15.    1)     Misc. Hccc application 27/2005

a)     Zahir Sheikh …………       1st applicant

b)     William Egbe ……….. 2nd applicant  v Republic

Subject

Bail pending arrest (section 84 Constitution) fundamental rights

Position:

The matter is spent and marked as settled.

15,2,   Mis. application 179/05 OS

William Egbe v Republic

Subject

Arrest of  William Egbe

Conservatory order

That order 3 issued on 3. 2.05, the  arrest indictment detention and criminal prosecution of the applicant or the institution or any criminal  proceeding arising out of a complaint (now spent) to the police, the criminal investigation department by Patrick Thuo Gitangu or arising from the subject matter of the Nairobi High Court Civil case no.506/04 be and is hereby stayed until the hearing and determination of Nairobi High Court Civil Case No.506/04.

15. 3.     The conservatory order made  in

HCC Misc. Application 1029/05

Coca-Cola East and Central Africa Ltd

i)           Ephraim Maragwa

ii)          Kenneth Onyango

iii)         Zahir Sheikh

Ex parte applicant

Republic of Kenya

Chief Magistrate Court

Central registry

Patrick Gitangu Thuo

Beatrice Wambui Thuo

(Interested Parties)

and specifically order of 6 July 2005

Order;-

“That the arrest, indictment detention and criminal prosecution of the applications on the institution of any criminal proceeding arising out of a complaint to the police and or Criminal Investigation Department by Patrick Thuo Gitangu and or Beatrice Thuo or arising from the subject matter of Civil  Proceeding in Nairobi High Court Civil Case No.506/2004 be and is hereby stayed pending the hearing and determination of Hccc 506/04.

15. 4.   The investigation, if any into

i)           The complaint made by Coca Cola East and Central Africa Ltd against Patrick Thuo Gitanga on 6 May 2004 regarding alleged fraud and or theft by servant be and is hereby suspended pending the hearing and determination of Hccc 506/2004.

ii)          The complaint by Coca-Cola East and Central African Ltd against the Kenya Police and which is subject matter of a letter dated 22 February 05 from the Kenya Anti Corruption Commission Ref. KACC/INV 6/22/22/1/VOL III (43) folio 399 in Misc. Application 1029/05 Coca Cola East Africa and Central Africa Ltd & Other  and

Republic,

Chief Magistrate

To the Director of Public Prosecution on allegations of corruption by the Kenya Police may be investigated by the Anti-corruption Commission.”
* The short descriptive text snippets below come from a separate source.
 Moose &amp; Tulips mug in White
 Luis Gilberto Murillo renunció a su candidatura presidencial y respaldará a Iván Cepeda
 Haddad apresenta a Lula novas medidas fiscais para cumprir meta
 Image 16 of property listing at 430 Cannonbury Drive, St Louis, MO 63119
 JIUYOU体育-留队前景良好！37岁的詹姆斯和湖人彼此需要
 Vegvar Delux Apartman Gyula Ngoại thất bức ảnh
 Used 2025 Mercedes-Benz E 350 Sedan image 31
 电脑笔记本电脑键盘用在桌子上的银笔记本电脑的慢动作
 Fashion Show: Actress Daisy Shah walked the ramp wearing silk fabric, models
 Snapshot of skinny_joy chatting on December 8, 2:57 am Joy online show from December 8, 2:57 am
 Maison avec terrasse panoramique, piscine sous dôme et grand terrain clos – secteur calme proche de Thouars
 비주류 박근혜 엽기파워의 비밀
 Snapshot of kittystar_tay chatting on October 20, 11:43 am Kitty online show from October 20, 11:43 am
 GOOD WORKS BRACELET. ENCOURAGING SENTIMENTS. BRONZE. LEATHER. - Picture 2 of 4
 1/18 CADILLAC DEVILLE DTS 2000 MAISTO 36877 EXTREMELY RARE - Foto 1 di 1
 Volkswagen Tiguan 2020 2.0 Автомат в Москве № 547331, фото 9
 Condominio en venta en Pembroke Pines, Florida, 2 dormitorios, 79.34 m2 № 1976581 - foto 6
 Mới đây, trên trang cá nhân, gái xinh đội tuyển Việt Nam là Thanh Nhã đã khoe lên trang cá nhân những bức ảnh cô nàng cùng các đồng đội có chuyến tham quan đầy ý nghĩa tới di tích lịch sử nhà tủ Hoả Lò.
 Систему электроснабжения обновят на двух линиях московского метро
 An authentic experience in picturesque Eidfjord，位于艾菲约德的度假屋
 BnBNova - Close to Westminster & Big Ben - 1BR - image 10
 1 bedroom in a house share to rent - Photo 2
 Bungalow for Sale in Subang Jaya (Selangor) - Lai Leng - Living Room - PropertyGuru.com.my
16.    What this consent really says is that the plaintiff and his wife (who is not party to these proceeding) are withdrawing all their complaints previously made against the defendant/respondents.  They leave only this present complaint.  The defendants/respondent on the other hand are not withdrawing their complaints.  They instead agree to stay any proceeding filed to safe guard themselves until the determination of this current suit.

17.    The six cases concerns, I believe criminal changes against the defendants in the Chief Magistrate Courts.  It seems a nolle proseque (CM Case 162/05,196/05) was issued against these cases.  The plaintiffs attempted a private prosecution thereby forcing the defendants to seek for bail pending appeal protection orders from the High Court.  Other orders were by way of complaints of attempted murder (Cr. Appl.6/2005) by the plaintiff and complaints  to the CID by his wife (21. 6.05). This necessitated constitution reference being filed to protect the defendants.

18.    I am not able to understand why the change of heart by the plaintiff in dropping their claims.  Could it have possible been the frustration of not having their suit expediously dealt with?  I could only guess from the remarks made by my brother Nyamu J in the case law of:-

18 (i)   Kamau John Kinyanjui  V Attorney General

HCC Misc. Application 1181/04

“The applicant had (declined to) and did conceal that there was a pending appeal, nor [did he file] a constitutional reference”

It would have meant that two courts on the same jurisdiction hearing the same suit.

In a subsequent case of:-

18(ii)   The Kenya Bus Services v Attorney General & Others

Misc Application 413/05

Where Nyamu J relied on the decision of:

Booth Irrigation v Mombasa Water Products Ltd.

Hcc Misc.1052/2004 in which he also held inter alia

“Non disclosure of material facts is sufficient to warrant

the dismissal of a constitutional application.”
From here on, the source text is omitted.